I’ve been thinking some more about Truth, or more particularly, how we come by it. For most of us, I would think we first look to our parents for our truth. Then to our teachers, and then to our religious instructors.  As we enter adolescence, we look to our peers. And then, we’re on our own. There is that constant weighing up of truth as we perceive it, and how it compares with that of others. Is it any wonder that following such a haphazard path we become seriously confused? Well, I did, and from what I know of others, they did too.

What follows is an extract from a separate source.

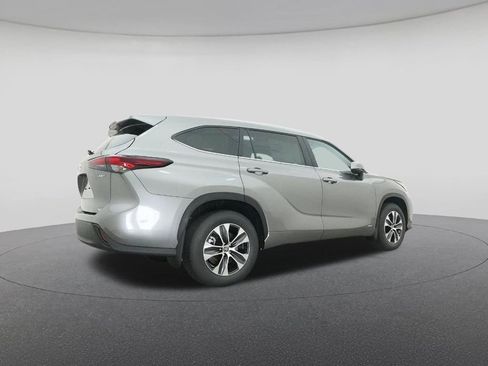 New 2026 Toyota Highlander XLE image 25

As a young adult in the little town in which I grew up, I became seriously depressed. Looking back, it isn’t surprising that I did. My life consisted of work, pub, work, and precious little else. I can remember I used to look to the Quotable Quotes in Readers Digest for guidance in this world. I used to seize on the thoughts of those whose words were deemed worthy of a quote, and I tried to gain some wisdom from them. I still look to quotes in order to glean some knowledge from the thoughts of those who went before us.  For me, the pursuit of knowledge is the main purpose of this life. I want to know all there is to know. I know, of course, that I never will, but then it’s said it’s better to travel hopefully than to arrive, isn’t it. That must have been one of the many quotes I read somewhere in the distant past. Only now, do I begin to understand its meaning.

This transfer of knowledge down through the ages is man’s greatest achievement. To me, it is a sacred trust, if I can permit myself to use a term usually associated with religion. I can think of no greater trust than to pass on a morsel of truth to those who come after us. And I can think of no greater betrayal of trust than to knowingly pass on an untruth, especially for personal gain.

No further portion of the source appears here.